“Mas Jesús, habiendo otra vez clamado a gran voz, entregó el espíritu, y he aquí, el velo del templo se rasgó en dos, de arriba abajo; y la tierra tembló, y la rocas se partieron; y se abrieron los sepulcros, y muchos cuerpos de santos que habían dormida, se levantaron; y saliendo de los sepulcros, después de la resurrección de él, vinieron a la santa ciudad, y aparecieron a muchos” (Mateo 27:50-53).
En conexión con la muerte de Cristo, tres cosas ocurrieron: se rasgó el velo del templo, hubo un gran terremoto que sacudió la tierra, y resucitaron algunos santos que habían muerto, y aparecieron en la ciudad. Estos potentes actos de Dios nos explican el significado de la muerte de Cristo. El velo del templo que impedía acceso al Lugar Santísimo del templo en Jerusalén se rasgó en dos, simbolizando que la muerte de Cristo consiguió libre acceso a la presencia de Dios para todo creyente. Santos resucitaron después de la resurrección de Cristo. Esto es mencionado aquí porque es uno de los resultados directos de la muerte de Cristo. Debido a su resurrección, nosotros también vamos a resucitar; su muerte nos da vida eterna. Y la tercera cosa que ocurrió simboliza el gran juicio: Se abrió la tierra y se partieron las rocas. La muerte de Cristo fue el juicio de Dios sobre el pecado. Cristo fue enjuiciado en nuestro lugar. Ya no vamos a ser juzgados y castigados por nuestro pecado porque Cristo llevó nuestro castigo sobre sí mismo en el madero. Estas tres cosas también tienen su significado por los que no son de Cristo. Van a sufrir la terrible ira de Dios sobre ellos, el juicio, la condenación, la exclusión de la presencia de Dios y la muerte eterna, todo lo que no va a sufrir el creyente debido a la muerte de Jesús en su lugar.
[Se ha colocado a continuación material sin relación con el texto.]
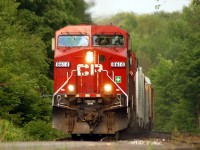 A pair of CP GE's crawling up the hill with a westbound are about to cross Main Street in downtown Campbellville, ON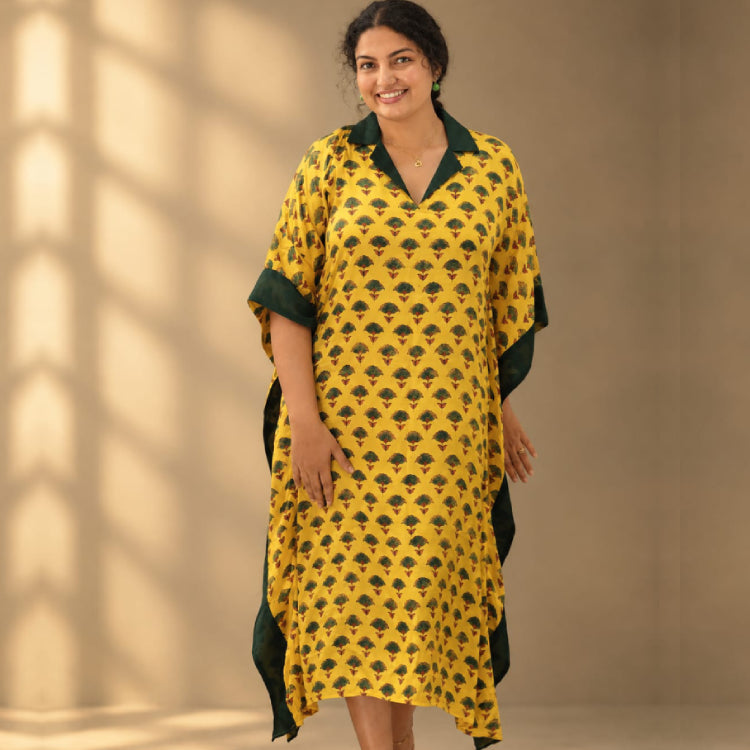Yellow Ajrakh Modal Silk Kaftan with traditional print by MIZHI, showcasing vibrant colors and flowing, elegant fabric.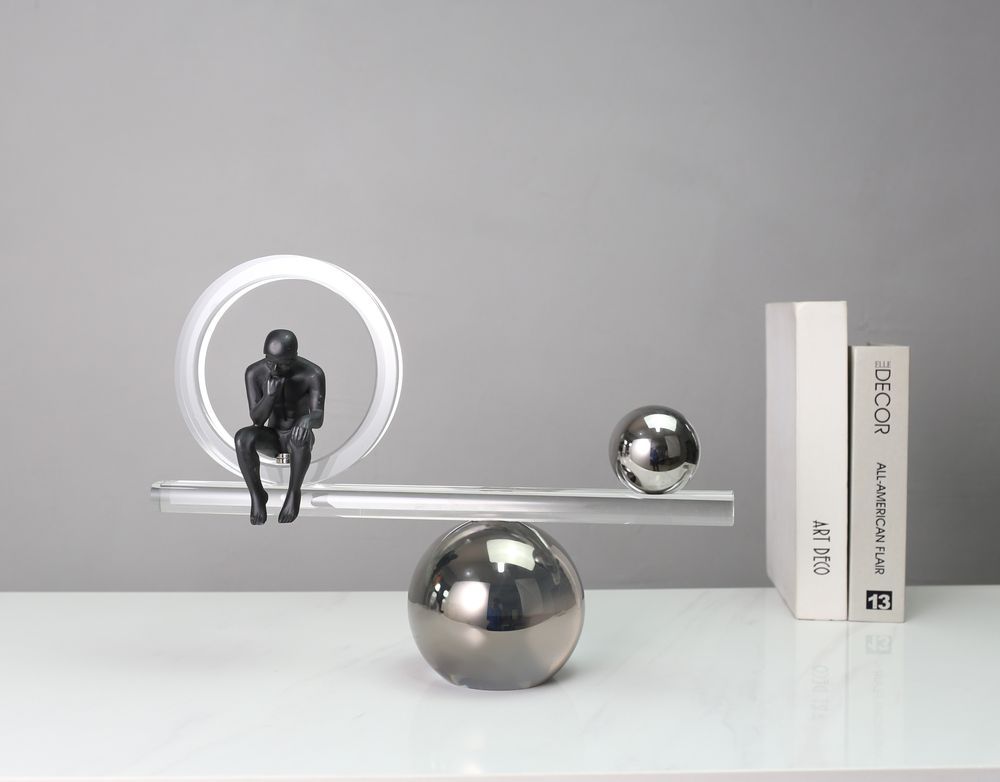 Thinker figure on a balance bar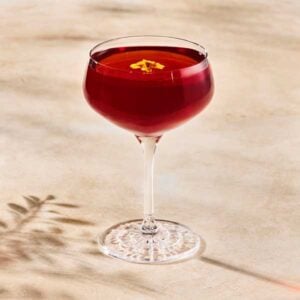 Starbucks Reserve Sakura Blossom Negroni in a glass with a with red color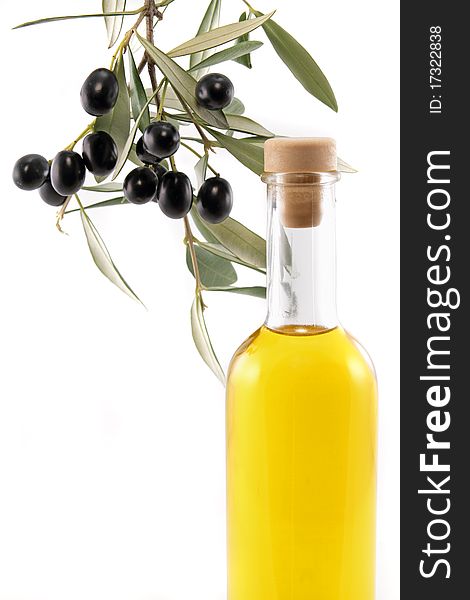 A bottle of virgin olive oil with a branch of olive tree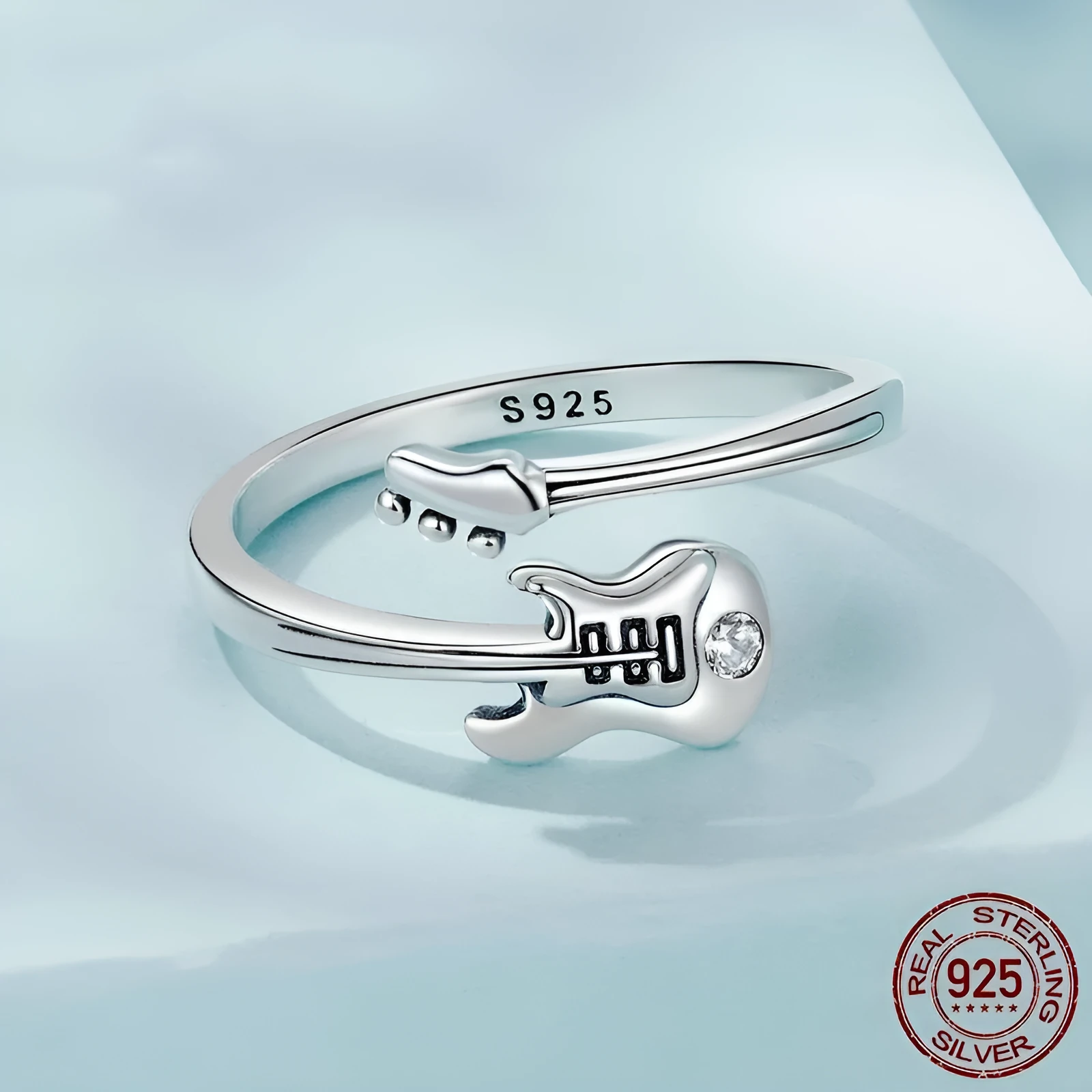 S925 silver oxidised open ring with guitar ornament on neutral background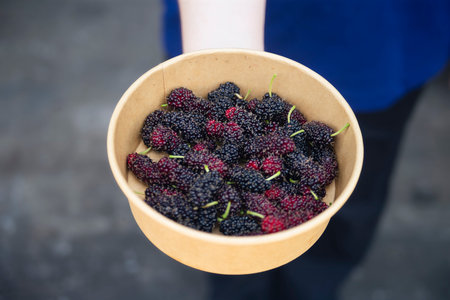 Mulberry in a bowl in the hands of a girl.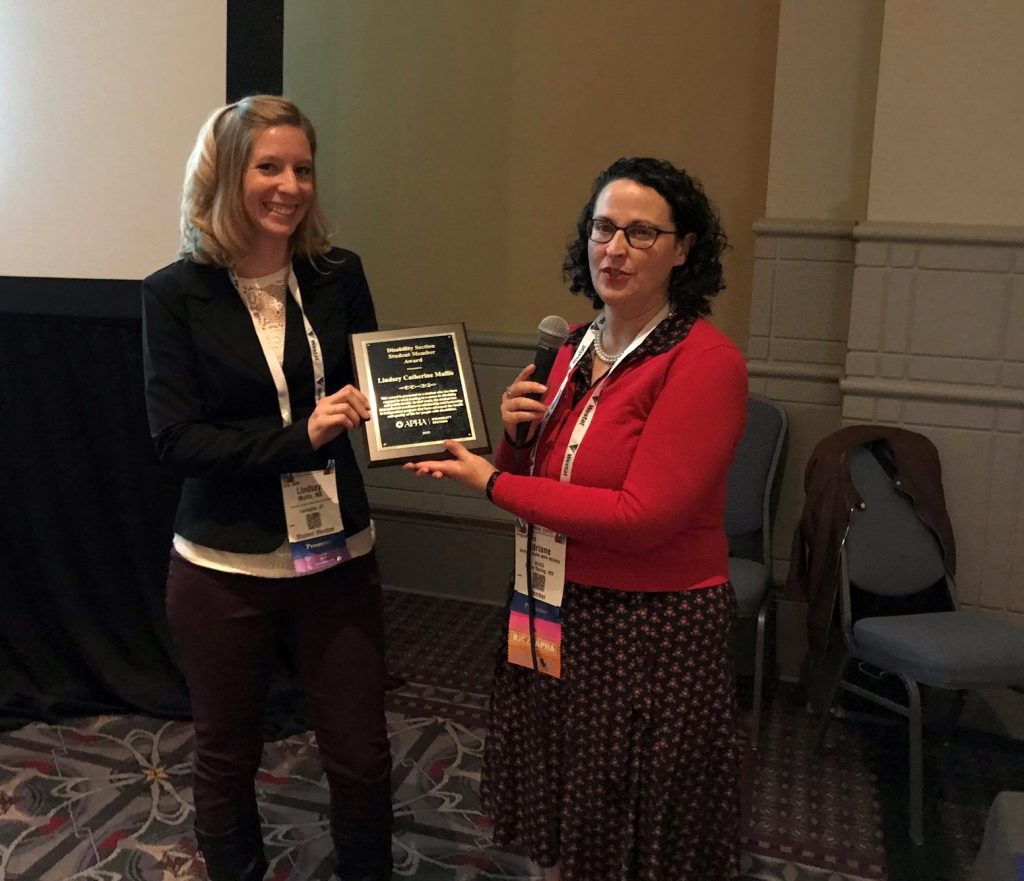 Woman receiving award from another woman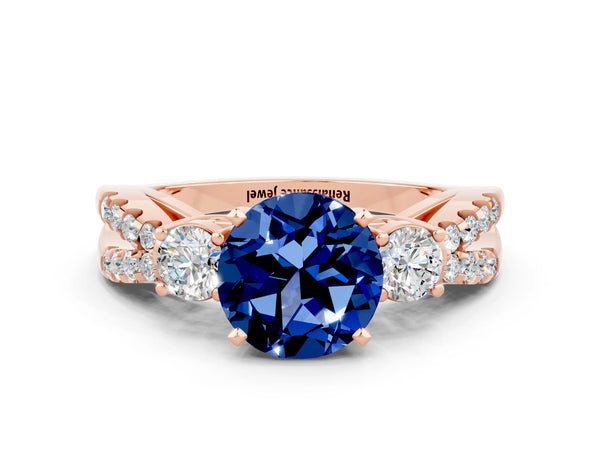 Rose gold Round Cut Blue Sapphire Three-Stone Ring with Pavé Split Shank and Four-Prong Setting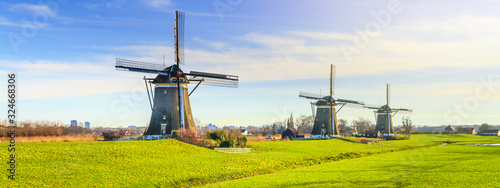 Fotografía Rural landscape - view of green meadow on background of the mills on a sunny day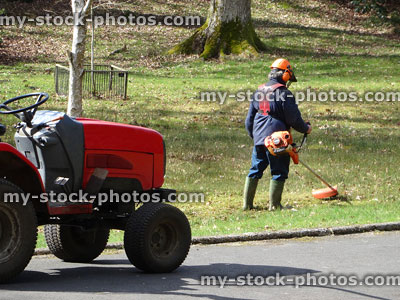 Stock image of landscape gardener working outside, strimming grass with lawn strimmer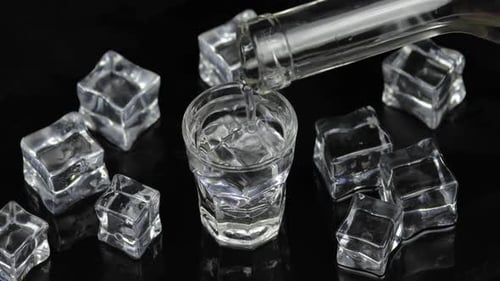 Clear Liquid Poured into a Glass with Ice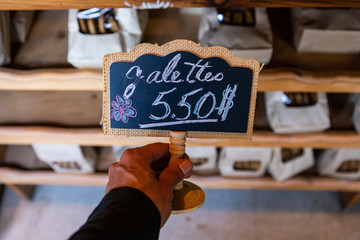 Close up of chalk hand writen backboard and wood sign at maket. Market labels for showing the price of flat cakes in french. Modern creative sings.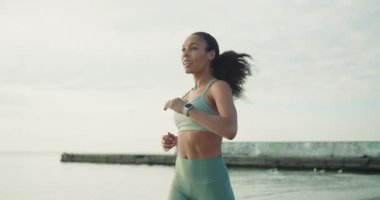 Formda ve sağlıklı bir kadın sahilde enerjik ve ferahlatıcı bir sabah koşusundan zevk alır. Sağlık ve canlılığı teşvik eder.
Hubo un poder en esta sangre tan fuerte que nosotros no podemos empezar a medirlo. Su muerte es poder de resurrección. La sangre que fue derramada pone al revés el orden de la naturaleza. ¡Rompe el ciclo de “vida y muerte” y lo cambia en “vida, muerte y vida eterna”! Ya no hay muerte y corrupción, sino que el velo que separaba de Dios está corrido para que la muerte del creyente dé lugar a su misma presencia en el Cielo.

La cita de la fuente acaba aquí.